## Exercise description
Return, with both end lines included, exactly what the data below holds from the line with "Transit Auto KGA-103158" through the line with "Jazz Stationery", though not the pictures.
---------- Data supplied ----------
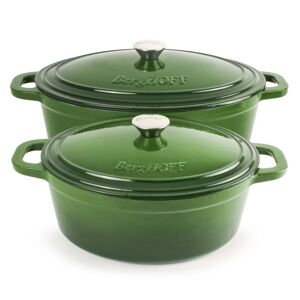BergHOFF Neo 4-pc. Cast-Iron Dutch Oven Set, Green - Size: One Size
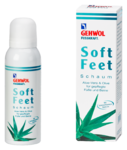 GEHWOL FUSSKRAFT Soft Feet Schaum 125 ml Dose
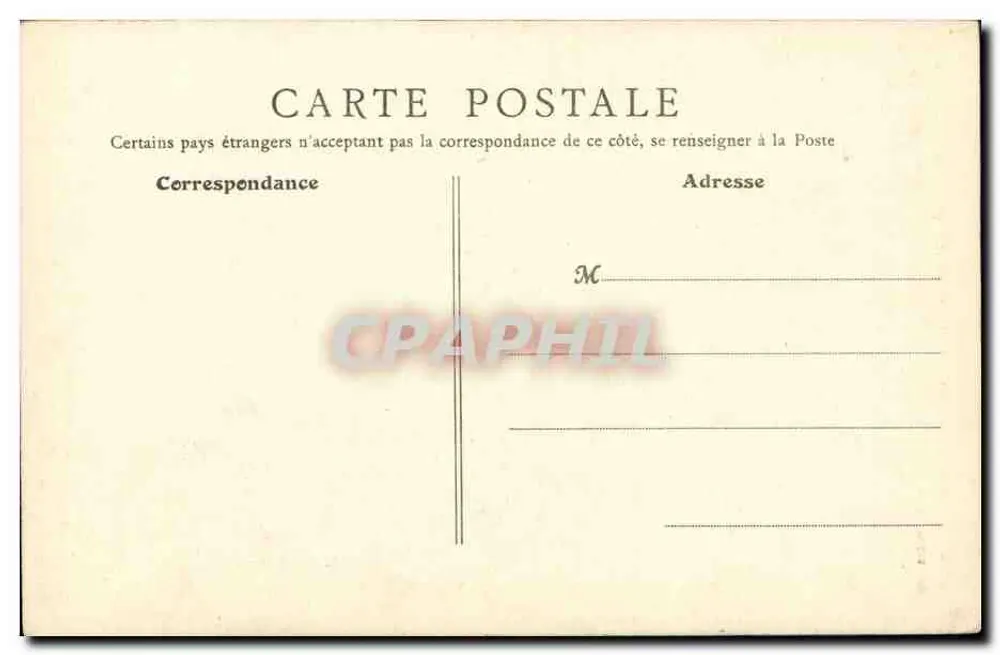 Grabmal von Henri de Guise in der Collegiatenkapelle — Paris — B. F., Paris, n°9 - Rückseite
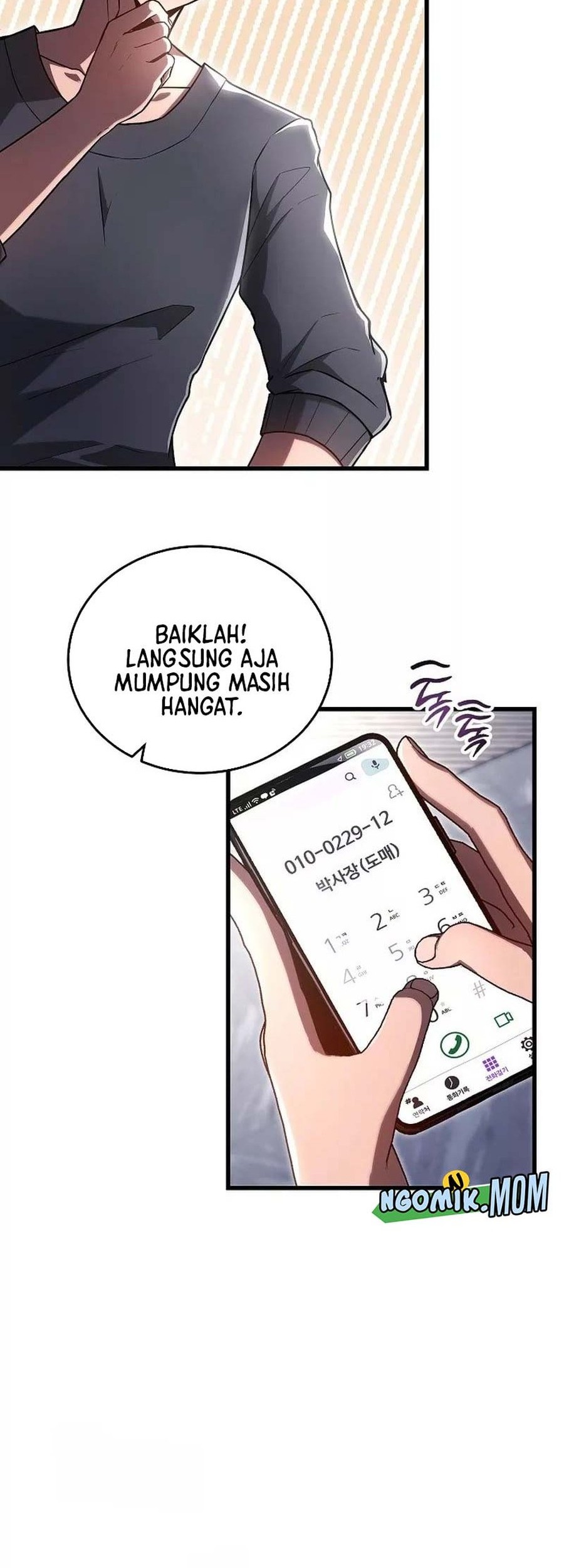 How a Catastrophic Necromancer Retires Chapter 5 Gambar 48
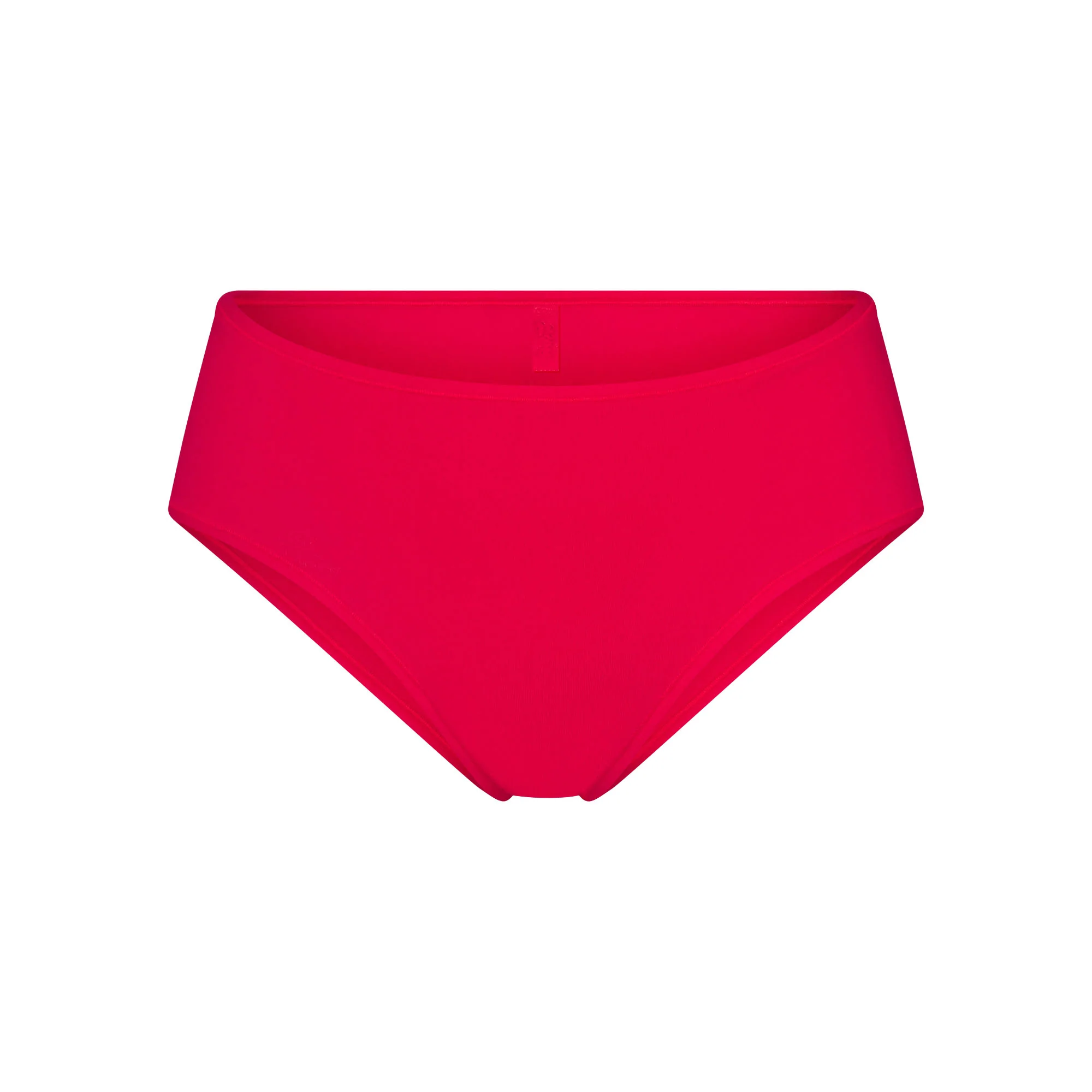 EVERYDAY COTTON HIPSTER | CARMINE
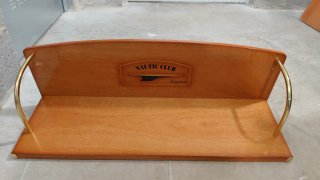 Set di 2 Scaffali in Legno Nautic Club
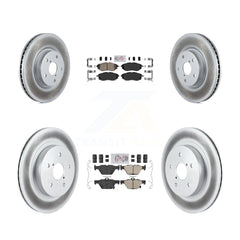 Transit Auto KGA-103158 Disc Brake Kit for 2015-2021 Subaru WRX, Subaru Legacy, Subaru Outback - Front and Rear
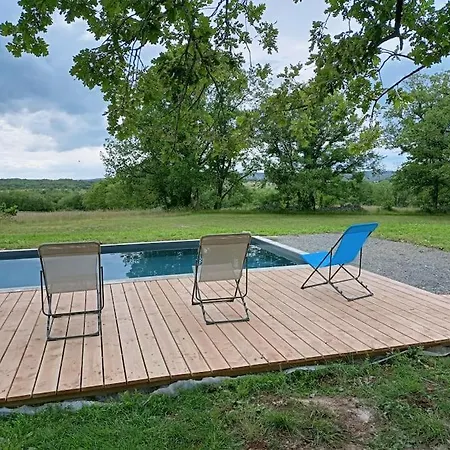 Villa Vue Panoramique Campagne 8 Pers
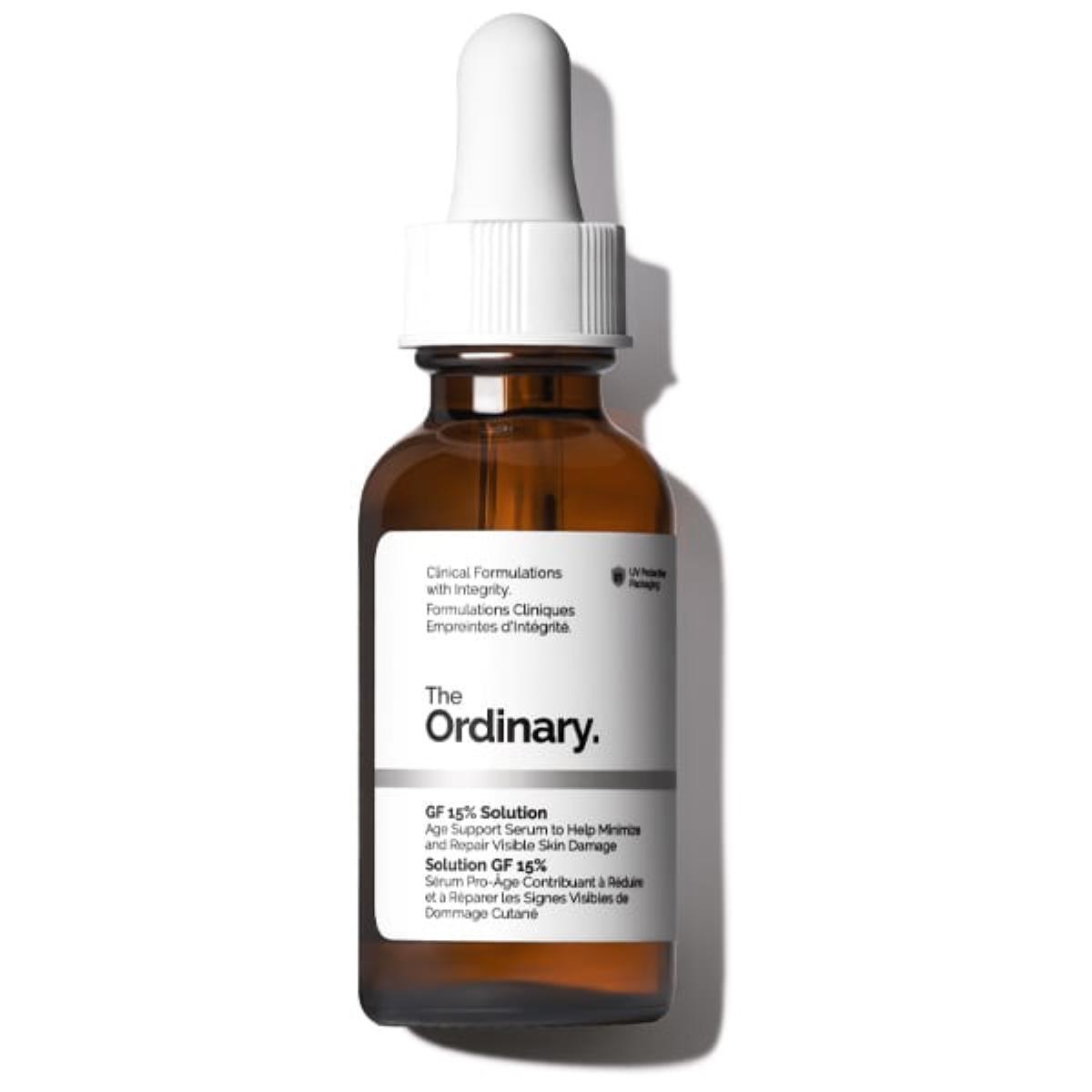 The Ordinary GF Solution 15% Αντιγηραντικός Ορός Προσώπου, 30ml 1 gf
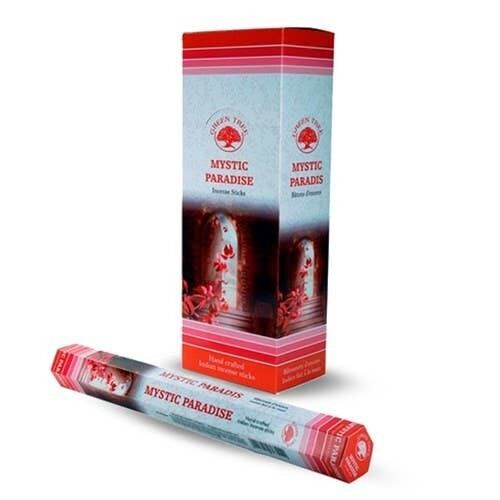 Incenso del paradiso mistico dell'albero verde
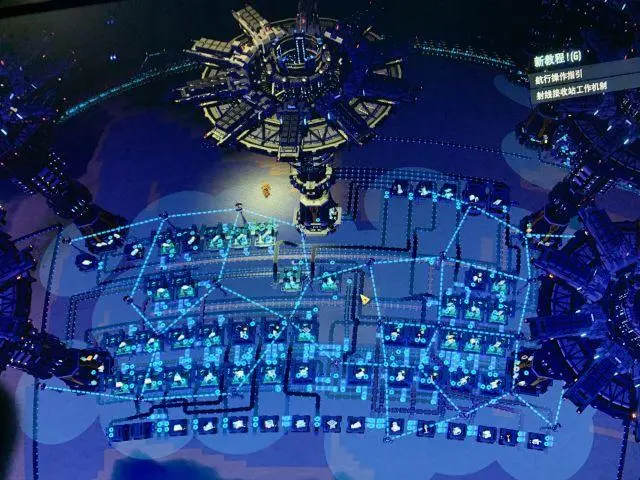 戴森球计划蓝图怎么用可以进入构建模式进行图案设计？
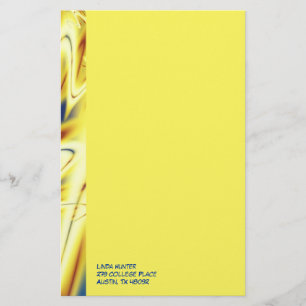 Jazz Stationery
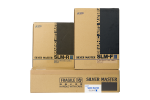 MITSUBISHI Silver is een "direct-to-plate" systeem. Hiervoor worden de Silver Master SLM-RIII op papieren basis en de SLM-FIII 175 op polyester film analoge platen gebruikt.<br>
----------
## Answer to this task
 Transit Auto KGA-103158 Disc Brake Kit for 2015-2021 Subaru WRX, Subaru Legacy, Subaru Outback - Front and Rear
 Villa Vue Panoramique Campagne 8 Pers
 The Ordinary GF Solution 15% Αντιγηραντικός Ορός Προσώπου, 30ml 1 gf
 Incenso del paradiso mistico dell'albero verde
 戴森球计划蓝图怎么用可以进入构建模式进行图案设计？
 Jazz Stationery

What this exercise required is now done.